• **PROBLEM STATEMENT**: Your response should be the complete listing, copied exactly.

DATA section start

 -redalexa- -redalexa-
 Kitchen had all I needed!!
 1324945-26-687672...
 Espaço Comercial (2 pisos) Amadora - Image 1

DATA section end

• **WRITTEN REPLY**:
 -redalexa- -redalexa-
 Kitchen had all I needed!!
 1324945-26-687672...
 Espaço Comercial (2 pisos) Amadora - Image 1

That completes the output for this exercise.